I take the postcard the mountains sent me
once—valley and ridge—and consider it.
*
Lowest of the angels
Lowest of the angels a blue heron
meditates and you and I become still
Vespers the chanting river chuckles rock
music fills this small place Lowest angel
a blue heron meditates on water
Between his still rapture and this place you
and I are more than tourists become still
Presiding the blue heron meditates
on water rock music fills our still minds
& the thoughts of the blue heron flow through
us into this valley together we
create to paradise this simple path
leads past the sentinel we walk on rocks
& water through the heron’s watchful mind
~
The dervish bathes in cold fresh water careful
not to disturb the blue
heron. The blue
heron stands in rapt
attention, lowest
of the archangels. Do not disturb the sleeping
child of today the heron silently informs the
neighbourhood. The blue
the watercolorist picks from their
priceless collection will delight the child of today.

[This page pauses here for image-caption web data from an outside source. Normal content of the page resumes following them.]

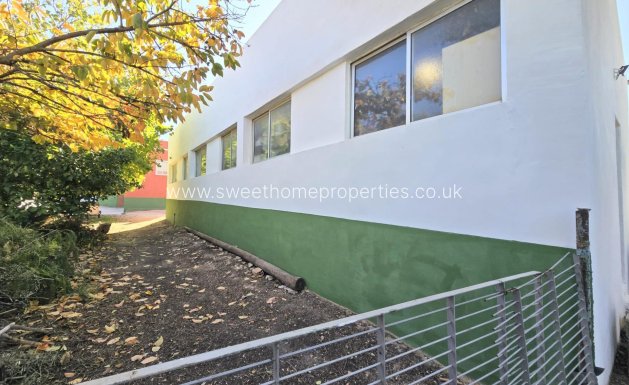 Resale - Villa - Aspe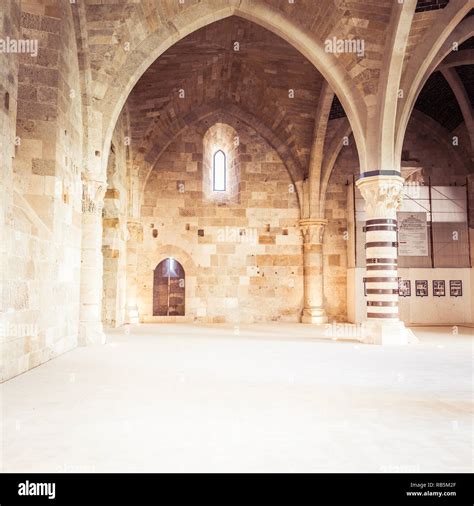 Old church interior Stock Photo - Alamy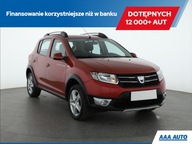 Dacia Sandero 0.9 TCe, Salon Polska, Serwis ASO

The blue the watercolorist picks from their
collection
is the color of the annunciation. Who is this
watercolorist?
~
She meditates at noon beside still
waters where a blue heron
lowest of the archangels also stands
vigilant as if an artist
commissioned by the universe had
carefully composed them there, the bird
the lovely young mother, the breeze
ruffling still water, & a canoe
drifting & on the far shore
rising up into the eastern sky
a mountain. She holds them each
in her regard. Mountain, shore, sky,
drifting canoe,
her meditation.
*
Behold
behold, it was very good
the windows are enjoying their respite
from clairvoyance plastered with wet leaves
and streaked with rain they look back at me
with the question should we let this weather
in
the peonies in the pavilion
water lilies
the leaves of summer grass
the monsoon outside my mother’s womb
a good question
the windows meanwhile relieved of their
humdrum obligations become almost
stained glass
raindrops a mosaic
plastered leaves
~
You are welcome of course to the bamboo
forest the way the pavilion welcomes
the peonies the way water lilies welcome
the rain the way a canvas welcomes
the painter’s brush the way silence welcomes
Stravinski you are welcome
it goes without saying the way a wall
welcomes windows
you are welcome
the way the trees hold up their empty
begging bowls to the rain falling in
the bamboo forest
you are welcome
~
The lectionary for today is written
in water it is rain that opens the psalms
to where David is dancing in puddles
in his bright rubber boots
you know the text
you read it the way in your garden
the peonies read today’s weather
it is rain that reads in the gospel
how Jesus walks on water skateboards
down the streaks of rain you know the text
it swaddled you once
rainy weather
~
Why listen then to Led Zeppelin’s Kashmir
on a rainy day in Shanghai? You listen
for your friends,
you listen for the streets of a city you shared
once, for the windows of a bar
on a street in a city you shared once.
It is 1971 after all, again, on the sharp edge
of a time you did not know would become
this, listening to Led Zeppelin’s remastered
Kashmir in Shanghai, later.
***
John Copley Alter was born in Landour in August 1947 and studied and taught at the Woodstock School. Currently, he is retired and lives with his wife in Shanghai.